Il semble également qu’il y ait une délocalisation de la délocalisation et que les entreprises « modèles » de Free au Maroc délocalisent dans des pays où la main d’œuvre est encore plus basse (200 euros au Maroc par mois, contre 100 euros dans d’autres pays francophones).
Comment Lidl forme ses salariés à recevoir les médias
Comportement face aux médias by Le Lanceur on Scribd
Deuxième marque dans le collimateur des enquêteurs de Cash : la fameuse enseigne Lidl. L’émission révèle les méthodes redoutables pour maximiser la productivité des 30 000 salariés : la polyvalence imposée aux caissières, afin d’éviter les temps morts ; les conditions de travail dantesques, qui imposent par exemple à des préparateurs de commandes de soulever parfois jusqu’à 8 tonnes de produits par jour…Ce qui a des conséquences bien concrètes sur le corps et la santé des employés.

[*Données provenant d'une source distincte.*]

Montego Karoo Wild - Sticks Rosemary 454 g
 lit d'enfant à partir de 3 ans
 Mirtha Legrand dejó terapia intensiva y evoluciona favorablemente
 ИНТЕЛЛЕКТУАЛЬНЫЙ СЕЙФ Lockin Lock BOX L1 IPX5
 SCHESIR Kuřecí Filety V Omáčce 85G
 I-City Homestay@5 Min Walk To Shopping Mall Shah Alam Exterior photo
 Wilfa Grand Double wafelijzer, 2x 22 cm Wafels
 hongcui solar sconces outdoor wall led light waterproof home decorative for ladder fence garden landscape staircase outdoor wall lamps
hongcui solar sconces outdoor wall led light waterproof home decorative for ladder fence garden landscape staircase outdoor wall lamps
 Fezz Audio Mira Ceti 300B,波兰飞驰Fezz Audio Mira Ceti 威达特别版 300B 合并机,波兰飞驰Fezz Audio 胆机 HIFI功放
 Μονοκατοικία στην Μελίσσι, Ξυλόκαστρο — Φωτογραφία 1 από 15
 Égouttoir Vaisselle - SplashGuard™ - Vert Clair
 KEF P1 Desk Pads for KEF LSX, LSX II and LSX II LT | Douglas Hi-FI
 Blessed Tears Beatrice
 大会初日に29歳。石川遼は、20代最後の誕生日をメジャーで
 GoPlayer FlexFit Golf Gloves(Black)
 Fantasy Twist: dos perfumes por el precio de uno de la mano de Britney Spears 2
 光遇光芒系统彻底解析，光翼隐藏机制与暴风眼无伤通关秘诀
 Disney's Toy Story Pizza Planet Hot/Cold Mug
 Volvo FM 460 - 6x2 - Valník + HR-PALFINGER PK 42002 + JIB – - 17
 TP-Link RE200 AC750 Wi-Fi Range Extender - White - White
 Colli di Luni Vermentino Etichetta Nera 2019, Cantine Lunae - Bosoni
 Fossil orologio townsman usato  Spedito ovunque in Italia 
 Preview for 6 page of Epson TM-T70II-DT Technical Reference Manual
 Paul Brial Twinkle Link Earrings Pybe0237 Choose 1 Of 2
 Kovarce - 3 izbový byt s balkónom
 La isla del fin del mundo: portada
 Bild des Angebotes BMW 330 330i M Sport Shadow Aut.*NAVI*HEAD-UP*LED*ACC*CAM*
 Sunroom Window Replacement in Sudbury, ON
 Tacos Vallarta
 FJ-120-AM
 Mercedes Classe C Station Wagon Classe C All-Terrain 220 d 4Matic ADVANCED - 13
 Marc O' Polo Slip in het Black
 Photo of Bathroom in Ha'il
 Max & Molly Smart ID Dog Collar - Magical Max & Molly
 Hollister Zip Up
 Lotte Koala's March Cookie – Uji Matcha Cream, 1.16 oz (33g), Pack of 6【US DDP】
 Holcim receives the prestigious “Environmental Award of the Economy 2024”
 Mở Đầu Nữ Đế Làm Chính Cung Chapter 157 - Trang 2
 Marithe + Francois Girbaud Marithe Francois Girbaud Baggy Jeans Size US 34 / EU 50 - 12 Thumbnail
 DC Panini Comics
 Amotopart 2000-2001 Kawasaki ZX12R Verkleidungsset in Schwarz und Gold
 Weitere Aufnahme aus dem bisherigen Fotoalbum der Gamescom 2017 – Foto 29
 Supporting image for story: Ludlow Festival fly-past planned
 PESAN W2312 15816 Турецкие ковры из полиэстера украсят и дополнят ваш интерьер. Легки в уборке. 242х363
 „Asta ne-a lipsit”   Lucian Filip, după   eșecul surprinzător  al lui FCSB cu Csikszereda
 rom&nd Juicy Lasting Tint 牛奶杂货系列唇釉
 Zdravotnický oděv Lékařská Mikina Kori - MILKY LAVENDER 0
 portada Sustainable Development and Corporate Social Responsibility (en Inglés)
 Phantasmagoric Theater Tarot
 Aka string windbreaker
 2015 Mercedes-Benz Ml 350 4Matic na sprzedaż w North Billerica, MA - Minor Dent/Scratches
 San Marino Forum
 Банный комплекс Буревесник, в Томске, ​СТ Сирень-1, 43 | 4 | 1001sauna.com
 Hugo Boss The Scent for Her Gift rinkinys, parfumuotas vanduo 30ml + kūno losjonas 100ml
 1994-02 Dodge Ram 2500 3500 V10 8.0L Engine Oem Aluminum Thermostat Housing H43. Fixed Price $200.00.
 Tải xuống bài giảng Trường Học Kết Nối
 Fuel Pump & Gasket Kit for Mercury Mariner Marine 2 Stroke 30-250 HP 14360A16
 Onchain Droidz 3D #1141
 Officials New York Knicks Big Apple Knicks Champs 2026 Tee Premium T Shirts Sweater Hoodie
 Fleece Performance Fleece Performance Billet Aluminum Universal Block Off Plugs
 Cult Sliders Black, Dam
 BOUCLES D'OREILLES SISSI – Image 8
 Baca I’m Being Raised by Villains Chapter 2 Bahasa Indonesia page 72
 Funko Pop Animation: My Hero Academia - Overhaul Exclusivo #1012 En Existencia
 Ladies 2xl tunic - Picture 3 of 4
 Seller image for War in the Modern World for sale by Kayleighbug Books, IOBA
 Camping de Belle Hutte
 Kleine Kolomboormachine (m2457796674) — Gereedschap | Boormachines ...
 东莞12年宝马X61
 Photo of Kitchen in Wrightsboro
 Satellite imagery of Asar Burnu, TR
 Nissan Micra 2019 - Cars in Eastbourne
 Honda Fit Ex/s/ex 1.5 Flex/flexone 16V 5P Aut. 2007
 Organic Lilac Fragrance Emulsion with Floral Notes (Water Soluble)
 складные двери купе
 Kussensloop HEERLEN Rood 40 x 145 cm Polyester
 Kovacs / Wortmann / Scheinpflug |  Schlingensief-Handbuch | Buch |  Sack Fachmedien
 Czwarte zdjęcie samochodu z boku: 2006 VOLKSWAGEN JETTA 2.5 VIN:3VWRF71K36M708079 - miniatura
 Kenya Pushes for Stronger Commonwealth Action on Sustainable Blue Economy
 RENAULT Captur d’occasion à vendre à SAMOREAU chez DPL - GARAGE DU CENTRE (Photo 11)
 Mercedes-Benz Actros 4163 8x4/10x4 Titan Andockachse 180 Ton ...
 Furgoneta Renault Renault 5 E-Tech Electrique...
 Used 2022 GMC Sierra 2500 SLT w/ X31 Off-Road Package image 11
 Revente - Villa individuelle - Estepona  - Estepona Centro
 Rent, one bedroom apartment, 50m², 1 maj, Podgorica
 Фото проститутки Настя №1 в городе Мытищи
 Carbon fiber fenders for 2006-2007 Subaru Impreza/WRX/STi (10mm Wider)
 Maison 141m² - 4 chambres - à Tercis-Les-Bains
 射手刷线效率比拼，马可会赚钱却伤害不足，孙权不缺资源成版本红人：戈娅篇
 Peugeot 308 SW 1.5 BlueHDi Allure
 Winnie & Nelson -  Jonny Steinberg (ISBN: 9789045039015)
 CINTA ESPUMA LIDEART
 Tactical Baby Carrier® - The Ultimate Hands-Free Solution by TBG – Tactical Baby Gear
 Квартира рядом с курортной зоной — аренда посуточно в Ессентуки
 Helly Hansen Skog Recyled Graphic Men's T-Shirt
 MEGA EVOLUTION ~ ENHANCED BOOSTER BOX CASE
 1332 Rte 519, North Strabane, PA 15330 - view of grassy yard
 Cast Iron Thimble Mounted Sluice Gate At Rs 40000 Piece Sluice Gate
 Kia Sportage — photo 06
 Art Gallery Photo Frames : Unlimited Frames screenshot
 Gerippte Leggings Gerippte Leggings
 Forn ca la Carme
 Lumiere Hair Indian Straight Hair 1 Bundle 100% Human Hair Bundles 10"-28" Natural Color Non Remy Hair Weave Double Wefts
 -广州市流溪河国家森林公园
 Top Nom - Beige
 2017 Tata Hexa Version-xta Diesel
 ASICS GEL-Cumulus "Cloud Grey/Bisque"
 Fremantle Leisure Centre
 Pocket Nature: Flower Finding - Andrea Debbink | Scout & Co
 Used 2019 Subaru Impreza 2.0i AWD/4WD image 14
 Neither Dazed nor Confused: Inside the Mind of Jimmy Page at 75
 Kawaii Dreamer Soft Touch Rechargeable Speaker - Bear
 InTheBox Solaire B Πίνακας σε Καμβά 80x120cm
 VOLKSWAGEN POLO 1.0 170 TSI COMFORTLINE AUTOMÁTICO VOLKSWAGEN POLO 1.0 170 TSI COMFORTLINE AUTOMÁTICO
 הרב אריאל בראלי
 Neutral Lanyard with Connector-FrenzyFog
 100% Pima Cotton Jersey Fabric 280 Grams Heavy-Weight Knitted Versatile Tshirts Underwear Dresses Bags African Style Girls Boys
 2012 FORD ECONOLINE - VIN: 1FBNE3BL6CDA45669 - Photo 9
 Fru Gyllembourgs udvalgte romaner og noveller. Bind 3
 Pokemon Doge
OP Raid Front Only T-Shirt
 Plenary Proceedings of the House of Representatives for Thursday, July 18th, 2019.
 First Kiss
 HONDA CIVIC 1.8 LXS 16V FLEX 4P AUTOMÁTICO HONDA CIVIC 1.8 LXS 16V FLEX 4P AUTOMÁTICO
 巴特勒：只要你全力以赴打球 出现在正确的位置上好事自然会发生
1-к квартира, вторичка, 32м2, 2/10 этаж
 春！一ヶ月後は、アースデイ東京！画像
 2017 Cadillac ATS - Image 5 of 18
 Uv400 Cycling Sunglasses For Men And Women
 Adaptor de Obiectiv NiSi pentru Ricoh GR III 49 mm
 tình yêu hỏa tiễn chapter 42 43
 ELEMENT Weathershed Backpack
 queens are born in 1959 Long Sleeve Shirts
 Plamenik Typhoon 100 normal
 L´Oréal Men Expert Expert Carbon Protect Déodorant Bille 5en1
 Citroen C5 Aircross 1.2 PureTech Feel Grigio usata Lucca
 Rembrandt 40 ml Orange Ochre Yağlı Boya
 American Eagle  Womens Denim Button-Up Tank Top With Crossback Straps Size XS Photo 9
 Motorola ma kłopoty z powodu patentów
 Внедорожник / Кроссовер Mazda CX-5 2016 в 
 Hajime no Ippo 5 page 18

Mais Lidl a de la ressource. L’enseigne fait suivre à ses employés et ses responsables de magasins des modules de formation intitulés « Comportements face aux médias », que nous nous sommes procurés. Le document date d’avril 2016 ? Premier message à faire passer. Lidl est une entreprise super sympa ! « Notre société se présente comme une société ouverte et transparente et a pour objectif d’entretenir des relations saines et durables avec les représentants des médias. » Petit rappel pas inutile de ce module de formation : « Lidl, premier annonceur de la grande distribution et 4ème annonceur publicitaire en France ! »
Puis, la formation explique quel est le comportement à adopter lorsqu’une équipe de tournage débarque dans un magasin Lidl, sans crier gare. Restez courtois mais ferme : demander l’autorisation de tournage, faire signer une fiche contact. Si vraiment ça tourne mal, Lidl conseille de parler de la vie privée : « en cas de conflit aggravé, faire référence au droit à la propriété privée. Renouveler poliment mais fermement l’invitation à stopper tout tournage/ prise de vue et à quitter le magasin. »
Le module de formation conseille aussi l’empathie : comprendre que les médias ne font que leur travail, comme les salariés de Lidl. « Restez toujours poli et agréable », conclut le manuel.
Et il semble visiblement que la direction de Lidl applique, avec constance, les recommandations du manuel, dans l’émission de Cash, tandis que Free demeure sur certains points dans le déni.